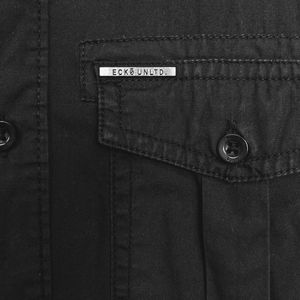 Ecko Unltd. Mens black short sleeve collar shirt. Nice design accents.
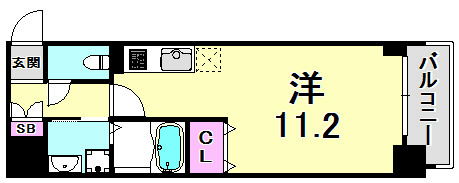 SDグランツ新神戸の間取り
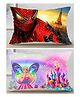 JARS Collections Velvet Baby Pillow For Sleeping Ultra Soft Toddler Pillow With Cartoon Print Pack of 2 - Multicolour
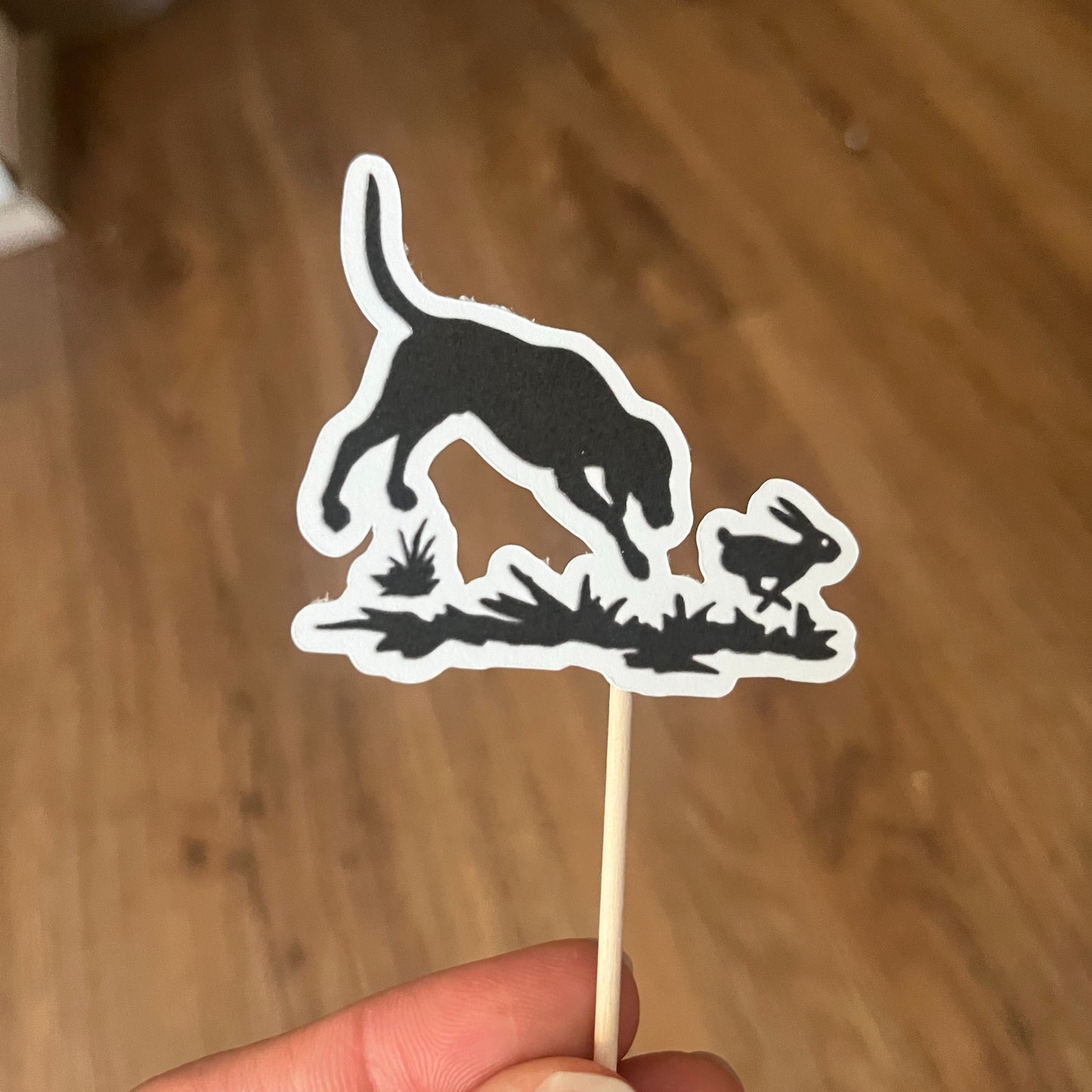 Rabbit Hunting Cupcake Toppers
==
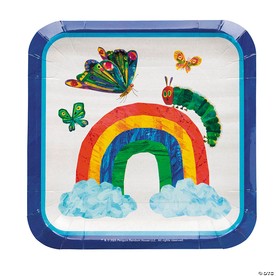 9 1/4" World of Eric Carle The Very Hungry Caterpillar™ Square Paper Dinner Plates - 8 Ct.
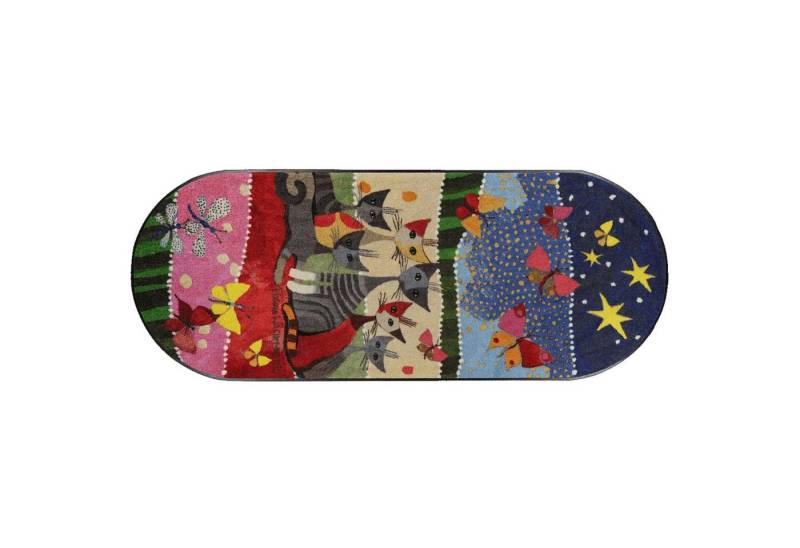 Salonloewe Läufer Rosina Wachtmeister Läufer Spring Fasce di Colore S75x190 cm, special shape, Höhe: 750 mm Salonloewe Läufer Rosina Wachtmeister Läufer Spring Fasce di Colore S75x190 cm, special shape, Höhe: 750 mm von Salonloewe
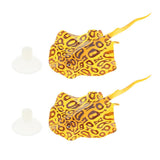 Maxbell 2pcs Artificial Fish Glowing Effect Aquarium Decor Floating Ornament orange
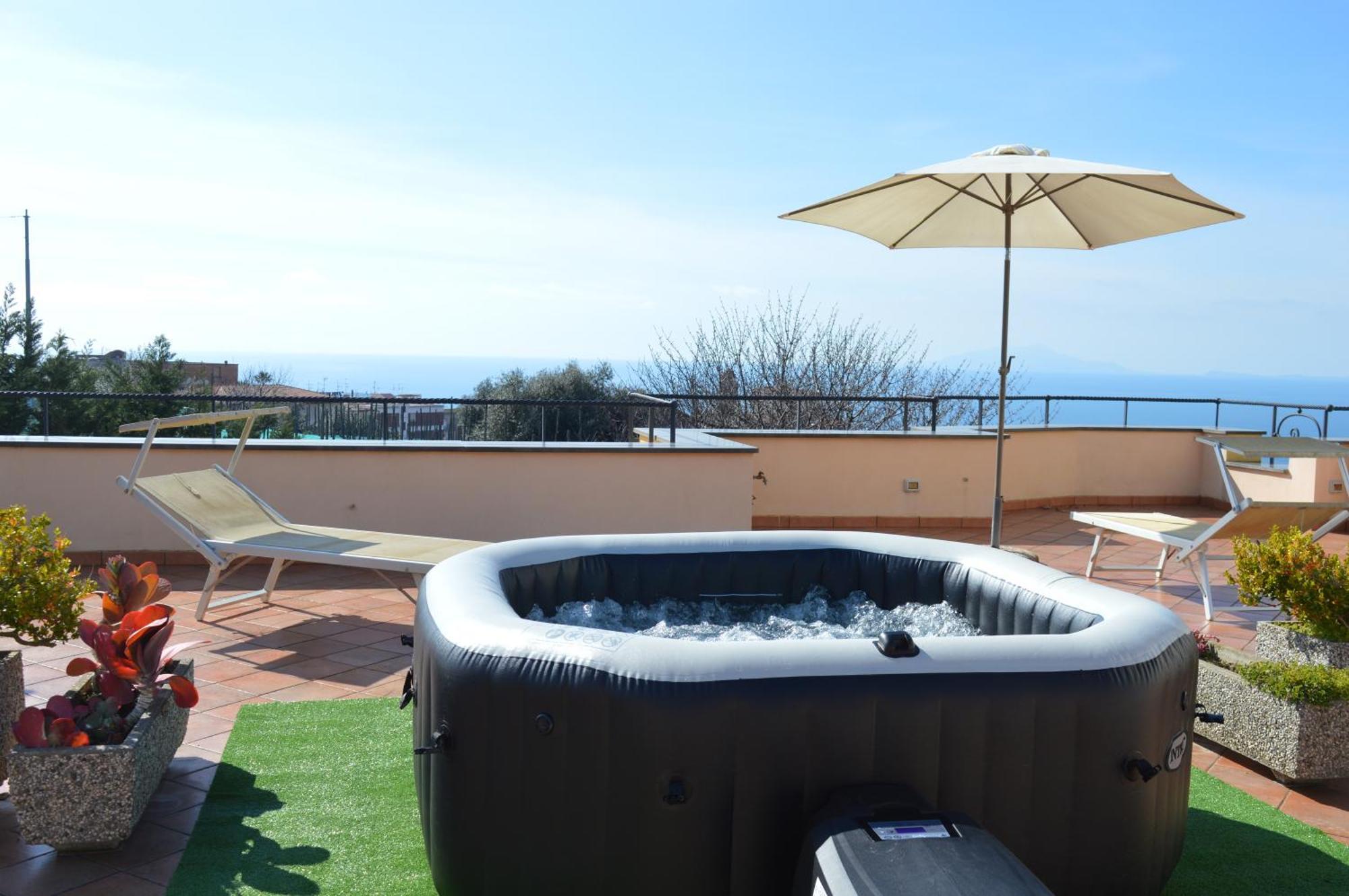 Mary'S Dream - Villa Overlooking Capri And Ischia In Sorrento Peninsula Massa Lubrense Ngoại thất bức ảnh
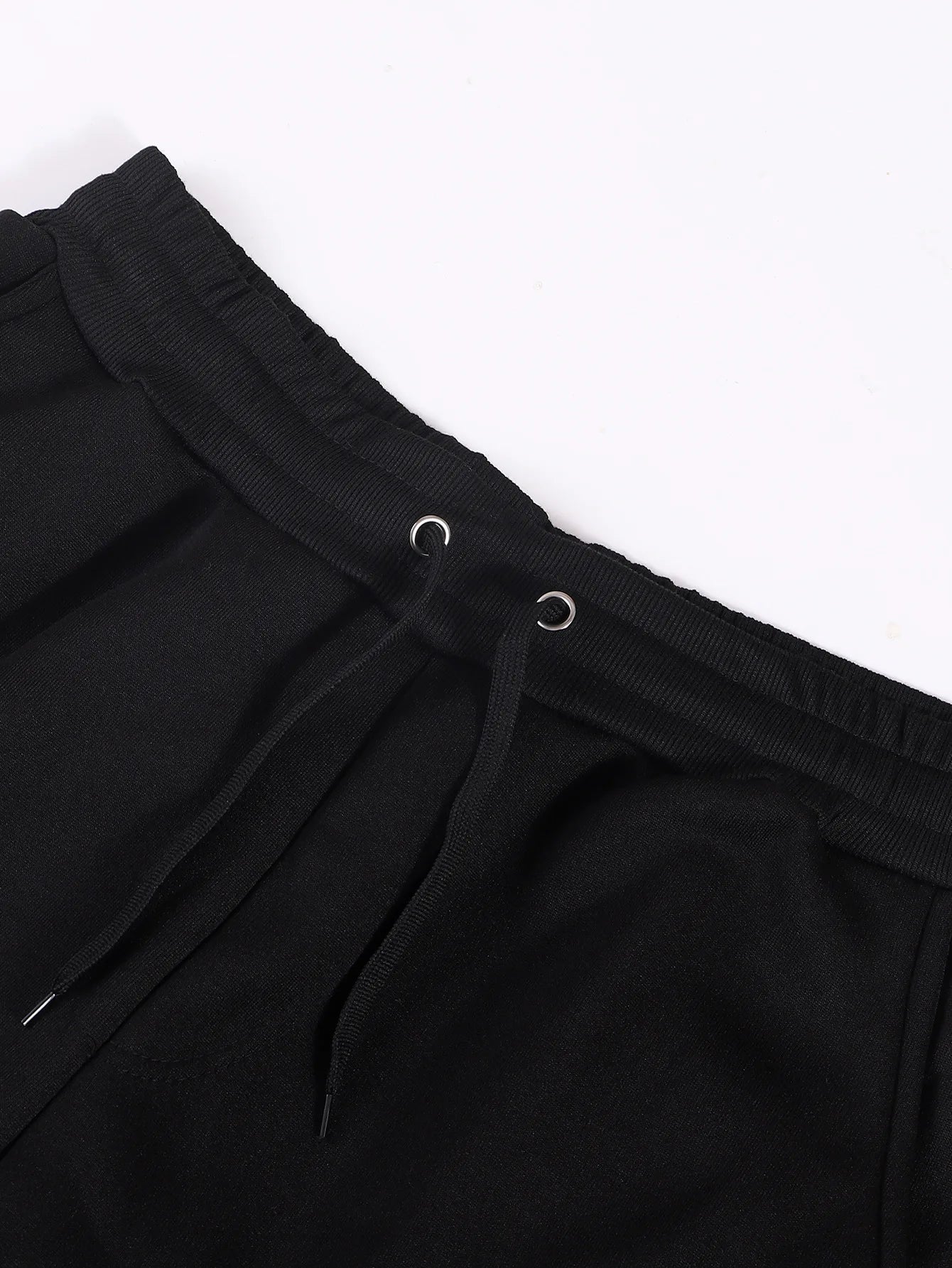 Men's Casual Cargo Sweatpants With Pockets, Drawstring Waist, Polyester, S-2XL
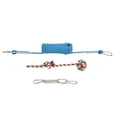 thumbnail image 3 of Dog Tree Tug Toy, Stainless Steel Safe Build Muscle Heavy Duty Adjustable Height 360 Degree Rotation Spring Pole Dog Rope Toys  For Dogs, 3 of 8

**Problem requirements:** The answer is those lines of the material above that run from the one containing "SDグランツ新神戸の間取り" up to and including the one containing "Rabbit Hunting Cupcake Toppers", restated exactly and without images.

**Exercise response:**
 SDグランツ新神戸の間取り
 JARS Collections Velvet Baby Pillow For Sleeping Ultra Soft Toddler Pillow With Cartoon Print Pack of 2 - Multicolour
 Rabbit Hunting Cupcake Toppers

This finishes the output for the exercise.